1) Transport Workers Union President Roger Toussaint tore up what he said was the lawstui filed by the Corporation Counsel (and Eliot Sptizer, as state Attorney General) under the state's "Taylor Law", which specifically forbids strikes by municipal and state employees.
This law has never been tested seriously before. In fact, back in 2003 when the contract was last negotiated, the Corporation Counsel won an injuction from a judge imposing a million dollar fine for the first day of the strike, two million for the second, three for the third and so on, plus a $25,000 for each striking member. The contract was quickly settled.
I think this time we're about to see just how constitutional this law is, which gives the city and state a very heavy advantage in any labor negotiation.
2) From the New York Times: "Ms. Weingarten stepped up her call for Schools Chancellor Joel I. Klein not to keep the schools open in the event of a transit shutdown.
"Since transit negotiations generally go down to the wire, most students, parents and educators would not know if there is a strike until they wake up Friday morning," she wrote to Mr. Klein. "To say there will be chaos on the first day of a transit strike is an understatement."
The chancellors' office said it still planned to keep schools open, with the starting hour delayed two hours, should there be a strike."

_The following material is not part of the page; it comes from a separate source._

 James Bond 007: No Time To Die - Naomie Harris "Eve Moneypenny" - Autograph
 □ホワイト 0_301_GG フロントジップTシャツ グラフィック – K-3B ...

Randy Weingarten was at the rally held outside of the Hyatt Regency last night in support of the TWU (and Roger Toussaint). While she cannot overtly call her members out on strike (and thus invoke Taylor Law sanctions on her union), a sick-out seems to be the message here.

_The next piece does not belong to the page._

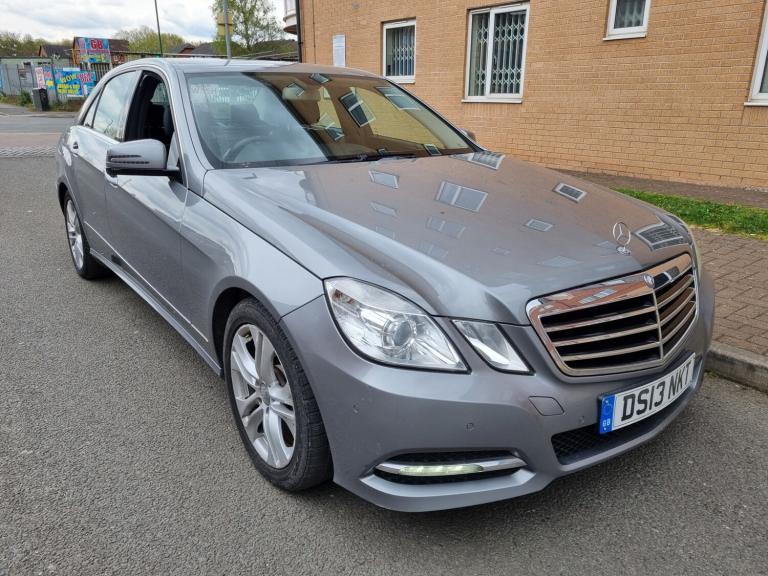 2013 Mercedes-Benz E Class E300 BlueTEC Hybrid 4dr Auto SALOON Diesel/Electric Hybrid Automatic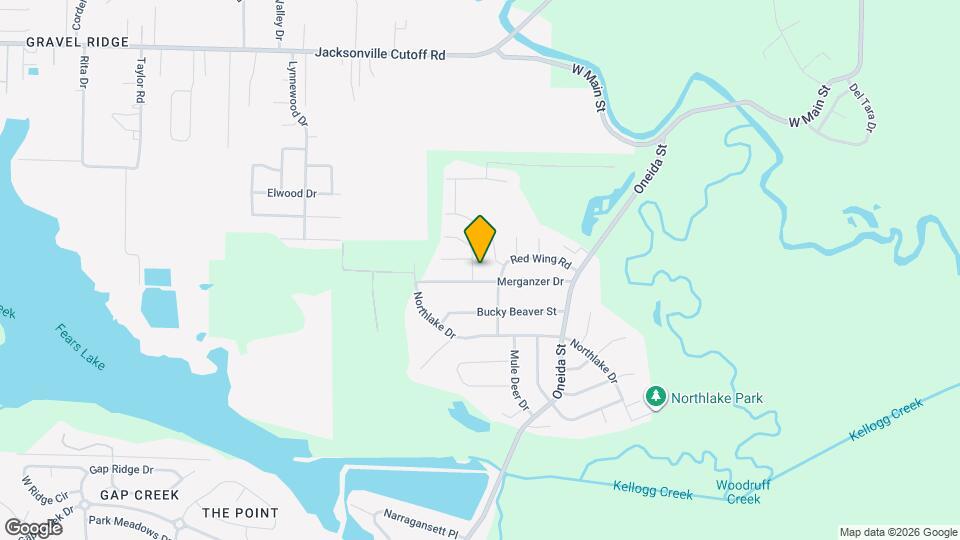 103 White Wing Way Map and Location Details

3) From the Taxi & Limousine Commission:"All For-Hire Vehicles and Commuter Vans licensed by the TLC will be authorized, for the duration of the emergency, to pick up passengers without pre-arrangement for the purpose of providing Group Ride service. This shall include the pick-up of passengers by street hail at any location within the City of New York."
OK, sounds reasonable, except you need cab drivers to enforce this. Trouble is, some of the larger cab driver associations (they can't call them unions, since driver's are contractors) have said they will sit out any strike. Why?
What the TLC proposes is basically zone pricing. If I pick you up in Zone A, and stop for a few other passengers, and you're going to Zone B, and them to Zone C and D, I've lost money on my fares, not to mention that with gasoline so expensive, I've now got a lower profit (you'd think a group would be a better profit, but not in this case), plus the added traffic to deal with.
Not a happy circumstance, by any means. Add to this that most cabs operate in Manhattan south of 96th Street, which will have mandatory car-pooling (four passengers or more per vehicle), and you can start to see that cab drivers are going to get a bit shafted where in a true capitalist society, they should be making a windfall profit.